Each line of the material must appear again in the answer, exactly.

Top of Data excerpts

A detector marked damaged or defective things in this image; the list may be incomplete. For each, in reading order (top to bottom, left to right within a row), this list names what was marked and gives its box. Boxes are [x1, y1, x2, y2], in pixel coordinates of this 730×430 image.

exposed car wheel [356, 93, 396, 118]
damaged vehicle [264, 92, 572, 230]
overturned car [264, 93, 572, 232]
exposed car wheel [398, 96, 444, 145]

Bottom of Data excerpts

### Response to this exercise
A detector marked damaged or defective things in this image; the list may be incomplete. For each, in reading order (top to bottom, left to right within a row), this list names what was marked and gives its box. Boxes are [x1, y1, x2, y2], in pixel coordinates of this 730×430 image.

exposed car wheel [356, 93, 396, 118]
damaged vehicle [264, 92, 572, 230]
overturned car [264, 93, 572, 232]
exposed car wheel [398, 96, 444, 145]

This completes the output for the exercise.